In the community news business, numbers can do more harm than good. When we talk about how many were injured in an accident or how many were killed in a storm, we leave readers with a sense that they can’t relate to the story. And why should they? After all, who can relate to “70 injured”? But give us, “mother injured saving life of 5-year-old son” and we get it. We can empathize with her. We can feel her panic and know the feeling of wanting to protect someone we love more than ourselves.
This is why it can be very difficult to write about homelessness in the community. More often than not, we don’t have stories, just numbers.

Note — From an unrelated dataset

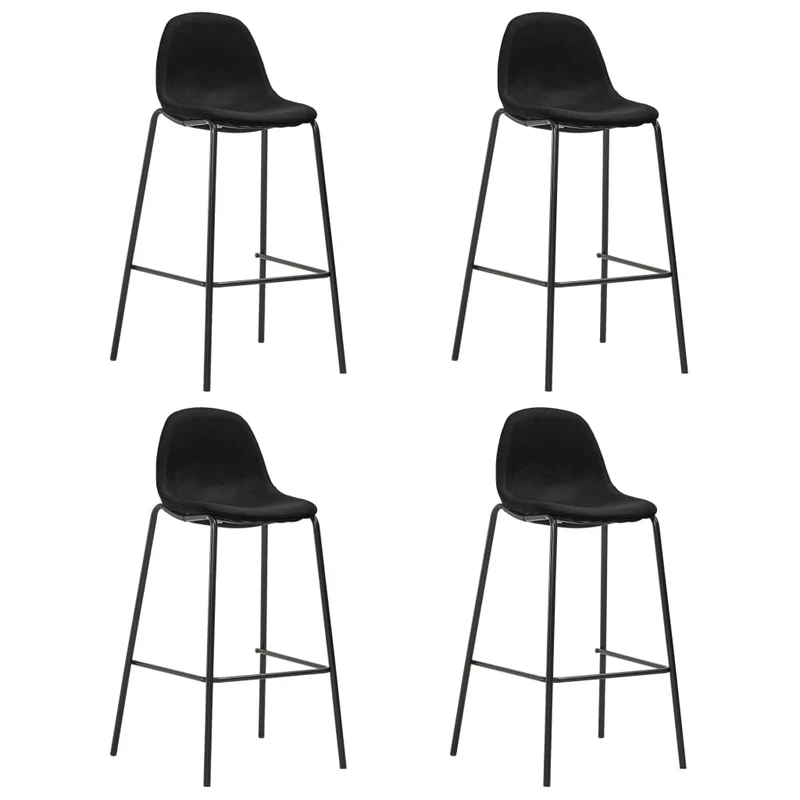 Set de 4 tabourets de bar chaises haute en tissu noir et métal DEC029427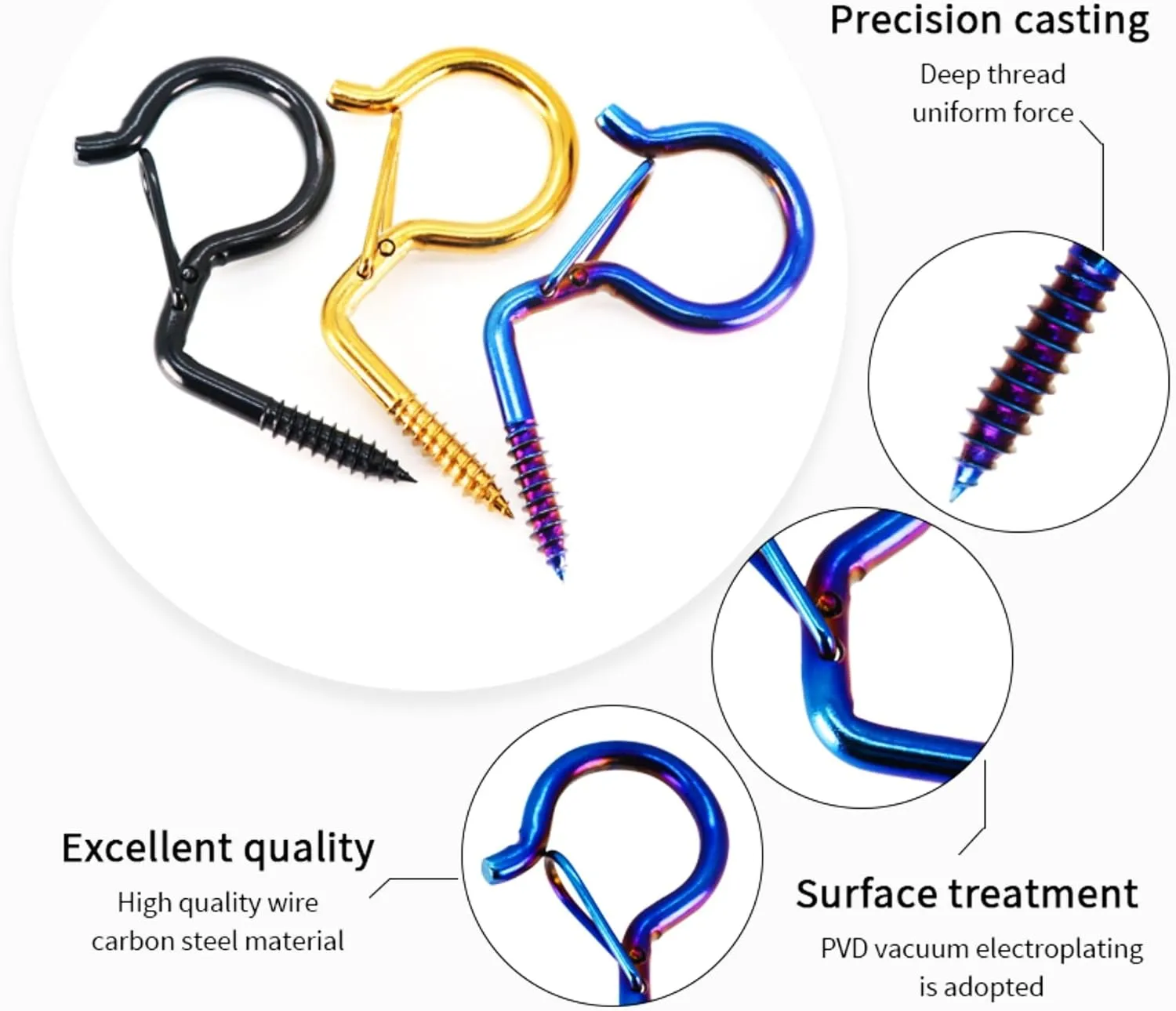 Set of 20 Q hooks or Z hooks, screw-in hooks, outdoor hooks, self-tapping hooks with safety buckles, string lights, wind chimes, bonsai, hanger hooks #10x2.2 inches (PVD-burnt blue, Z type hook)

We know, for instance, that during the Council for the Homeless’ most recent, county-wide “one-day homeless count,” which is the most accurate record of unhoused people in Clark County, there were 228 unsheltered people living in this county in 2016, but that the number jumped to 269 in 2017.
We know that, of these unsheltered folks, 78 of them — from this year’s count — were living in family units that included children under the age of 18.
But what does that tell us? How can we connect if we don’t know their stories? If we made new year’s resolutions as an editorial staff, one of them would be to do a better job gathering these stories in 2018 and helping readers connect to the issue of homelessness.
We also need to do a better job talking about those on the front lines of battling homelessness, such as the kind leaders at St. Anne’s Episcopal Church in Washougal, who offer a safe place for people forced to live in their cars. These leaders know the importance of being able to use a regular bathroom, find some warmth and enter a real kitchen — even if it’s just for a few moments each day — and deserve our praise.